= ACTION ITEM =
Your copy of the listing should match it exactly, only without pictures.

= COLLECTED DATA =

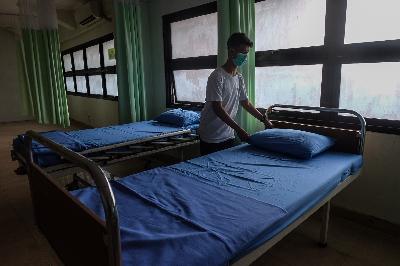 Tempat tidur untuk pasien COVID-19 berstatus OTG (Orang Tanpa Gejala), di Stadion Patriot Chandrabhaga, Bekasi, Jawa Barat, 15 Januari 2021. TEMPO / Hilman Fathurrahman W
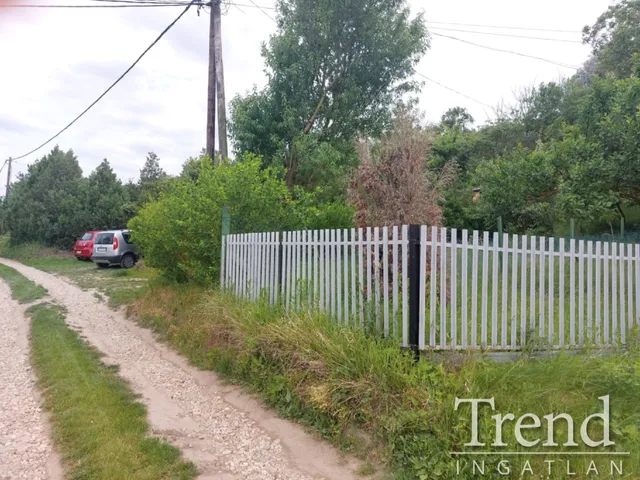 Eladó üdülő és hétvégi ház Adony 1000 nm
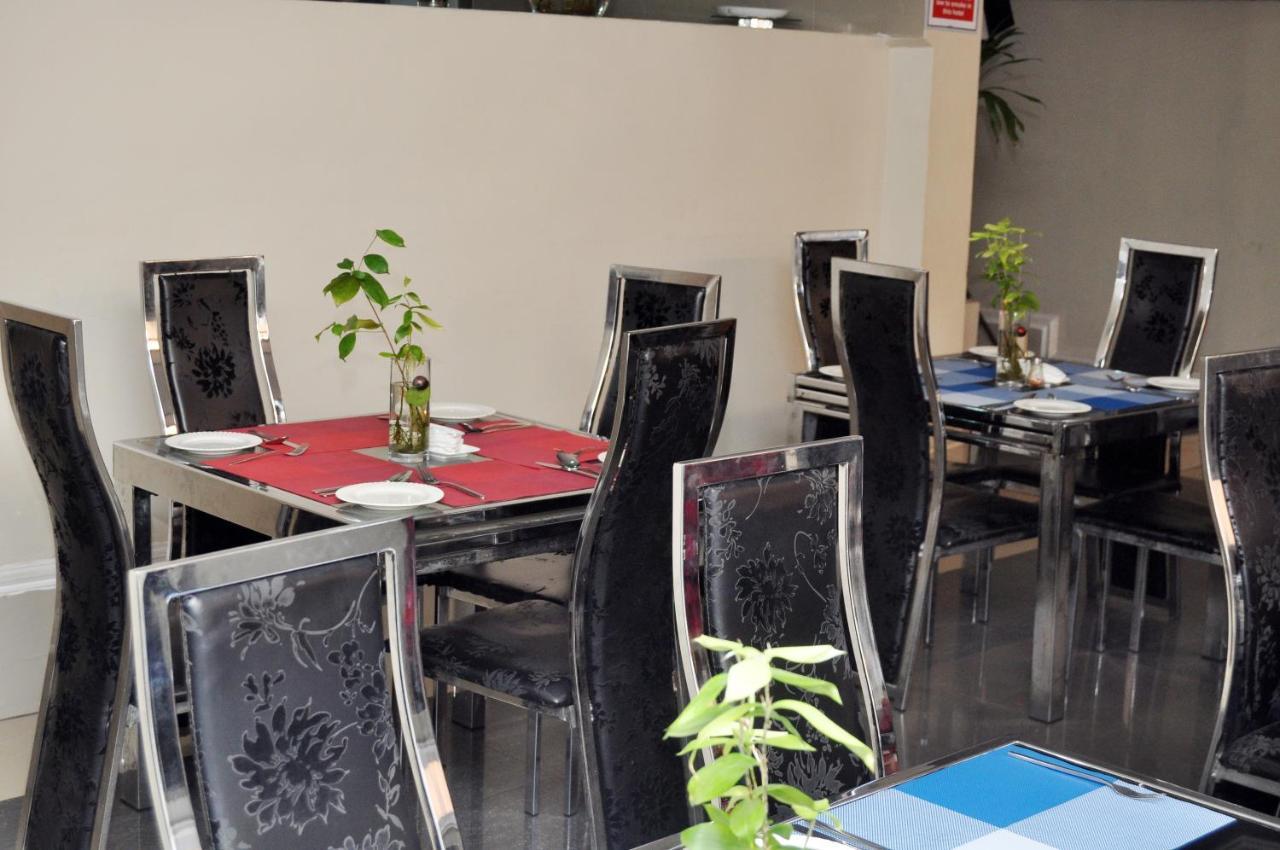 Primal Hotel Isaac John Gra Ikeja Exterior foto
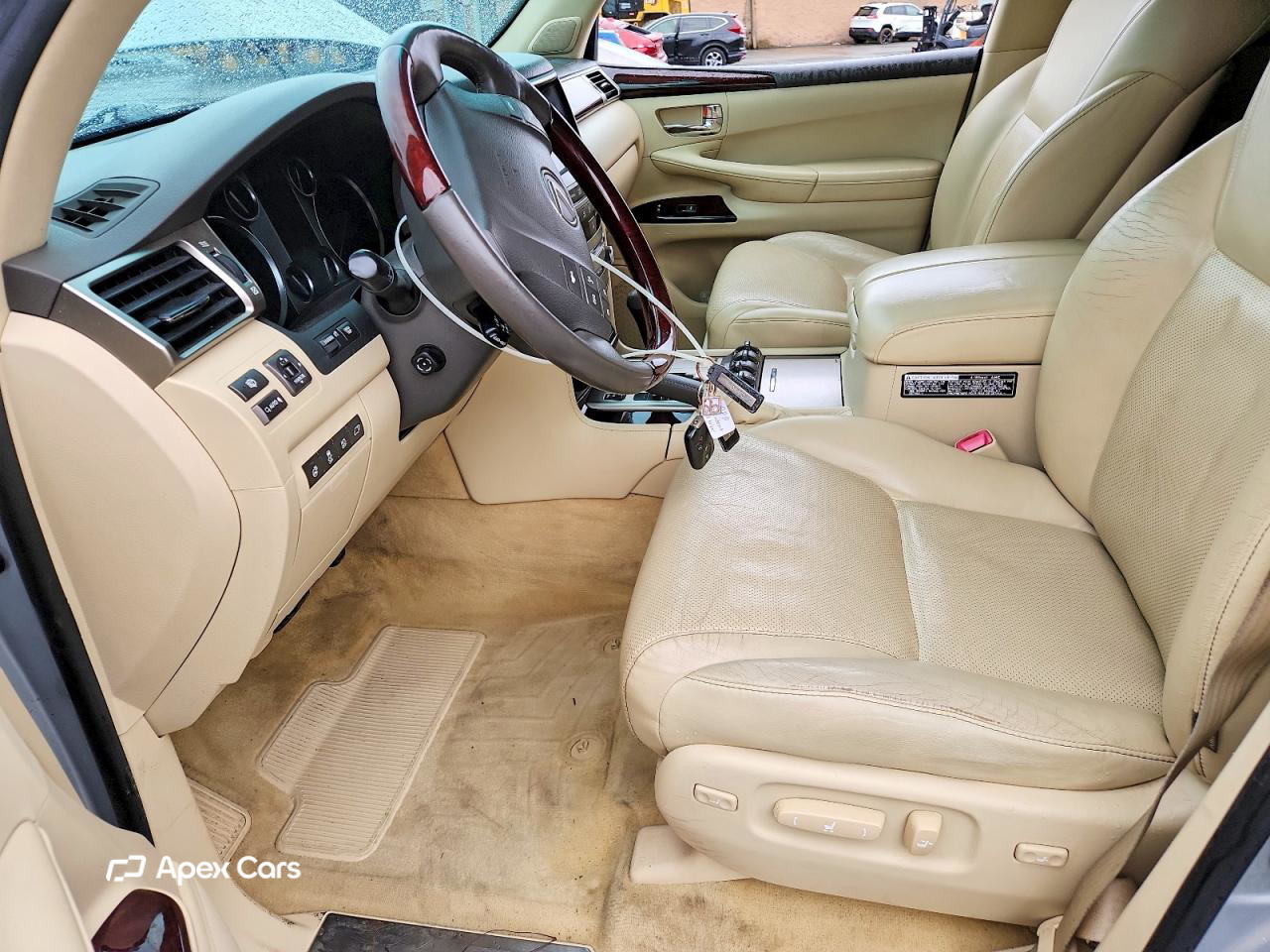 Lexus LX 2013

= YOUR SOLUTION =
 Tempat tidur untuk pasien COVID-19 berstatus OTG (Orang Tanpa Gejala), di Stadion Patriot Chandrabhaga, Bekasi, Jawa Barat, 15 Januari 2021. TEMPO / Hilman Fathurrahman W
 Eladó üdülő és hétvégi ház Adony 1000 nm
 Primal Hotel Isaac John Gra Ikeja Exterior foto
 Lexus LX 2013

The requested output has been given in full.